** Opening Provided records block **

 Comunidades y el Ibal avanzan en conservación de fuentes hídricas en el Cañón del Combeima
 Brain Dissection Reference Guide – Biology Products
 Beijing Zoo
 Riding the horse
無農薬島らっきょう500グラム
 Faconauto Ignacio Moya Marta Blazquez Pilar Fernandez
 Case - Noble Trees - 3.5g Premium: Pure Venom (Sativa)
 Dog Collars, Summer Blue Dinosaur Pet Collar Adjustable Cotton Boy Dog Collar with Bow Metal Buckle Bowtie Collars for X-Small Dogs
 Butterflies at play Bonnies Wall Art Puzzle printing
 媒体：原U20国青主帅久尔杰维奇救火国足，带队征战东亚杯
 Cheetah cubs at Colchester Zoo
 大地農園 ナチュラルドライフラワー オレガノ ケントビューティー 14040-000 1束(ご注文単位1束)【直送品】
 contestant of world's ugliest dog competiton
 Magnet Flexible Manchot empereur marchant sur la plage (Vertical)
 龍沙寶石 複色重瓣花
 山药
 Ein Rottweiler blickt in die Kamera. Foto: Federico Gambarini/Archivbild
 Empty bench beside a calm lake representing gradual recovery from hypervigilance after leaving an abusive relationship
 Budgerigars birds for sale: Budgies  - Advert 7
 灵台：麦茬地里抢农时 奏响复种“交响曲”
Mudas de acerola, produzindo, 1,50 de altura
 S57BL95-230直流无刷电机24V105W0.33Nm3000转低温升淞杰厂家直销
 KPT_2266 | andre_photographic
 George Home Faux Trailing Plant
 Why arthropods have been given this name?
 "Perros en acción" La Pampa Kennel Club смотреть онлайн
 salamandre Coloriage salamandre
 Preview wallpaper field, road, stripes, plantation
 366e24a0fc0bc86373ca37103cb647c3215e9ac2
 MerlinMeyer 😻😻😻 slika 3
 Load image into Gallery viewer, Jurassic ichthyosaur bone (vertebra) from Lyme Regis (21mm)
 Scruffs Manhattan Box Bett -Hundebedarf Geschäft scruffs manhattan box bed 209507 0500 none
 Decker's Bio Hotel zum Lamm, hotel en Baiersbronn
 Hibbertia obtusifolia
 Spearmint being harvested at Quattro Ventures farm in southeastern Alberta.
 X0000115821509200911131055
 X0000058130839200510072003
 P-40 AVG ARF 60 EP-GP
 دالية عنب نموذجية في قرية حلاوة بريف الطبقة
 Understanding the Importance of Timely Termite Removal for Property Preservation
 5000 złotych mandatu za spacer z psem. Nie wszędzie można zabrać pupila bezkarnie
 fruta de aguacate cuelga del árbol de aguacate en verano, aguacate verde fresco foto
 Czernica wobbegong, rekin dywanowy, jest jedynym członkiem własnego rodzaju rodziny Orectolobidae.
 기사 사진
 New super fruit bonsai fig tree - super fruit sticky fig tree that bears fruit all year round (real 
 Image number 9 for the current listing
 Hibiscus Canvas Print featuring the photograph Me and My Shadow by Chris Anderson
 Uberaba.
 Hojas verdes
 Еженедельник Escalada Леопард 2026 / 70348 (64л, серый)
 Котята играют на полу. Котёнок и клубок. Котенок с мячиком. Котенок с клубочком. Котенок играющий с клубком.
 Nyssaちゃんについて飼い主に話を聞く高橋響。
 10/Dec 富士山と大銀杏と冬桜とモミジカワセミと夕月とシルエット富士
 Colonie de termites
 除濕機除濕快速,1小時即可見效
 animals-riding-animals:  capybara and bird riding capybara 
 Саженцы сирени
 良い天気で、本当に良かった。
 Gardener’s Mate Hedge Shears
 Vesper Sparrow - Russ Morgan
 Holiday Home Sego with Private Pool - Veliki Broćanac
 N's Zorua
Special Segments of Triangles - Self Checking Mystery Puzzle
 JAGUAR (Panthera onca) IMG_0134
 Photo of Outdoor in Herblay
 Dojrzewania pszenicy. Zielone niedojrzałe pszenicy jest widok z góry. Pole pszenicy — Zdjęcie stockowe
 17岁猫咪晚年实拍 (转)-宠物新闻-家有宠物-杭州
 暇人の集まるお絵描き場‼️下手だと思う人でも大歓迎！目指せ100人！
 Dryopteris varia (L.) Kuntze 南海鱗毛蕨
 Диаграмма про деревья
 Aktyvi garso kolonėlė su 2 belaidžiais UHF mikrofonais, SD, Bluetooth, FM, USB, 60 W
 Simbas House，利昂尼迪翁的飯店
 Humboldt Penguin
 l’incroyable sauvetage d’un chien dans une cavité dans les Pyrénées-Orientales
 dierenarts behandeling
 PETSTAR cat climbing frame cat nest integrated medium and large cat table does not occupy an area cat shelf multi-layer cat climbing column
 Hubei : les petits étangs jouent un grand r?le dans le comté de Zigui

** Closing Provided records block **

### Action item
If a line in the data contains the string "with", copy it.

### Answer
 Dog Collars, Summer Blue Dinosaur Pet Collar Adjustable Cotton Boy Dog Collar with Bow Metal Buckle Bowtie Collars for X-Small Dogs
 Holiday Home Sego with Private Pool - Veliki Broćanac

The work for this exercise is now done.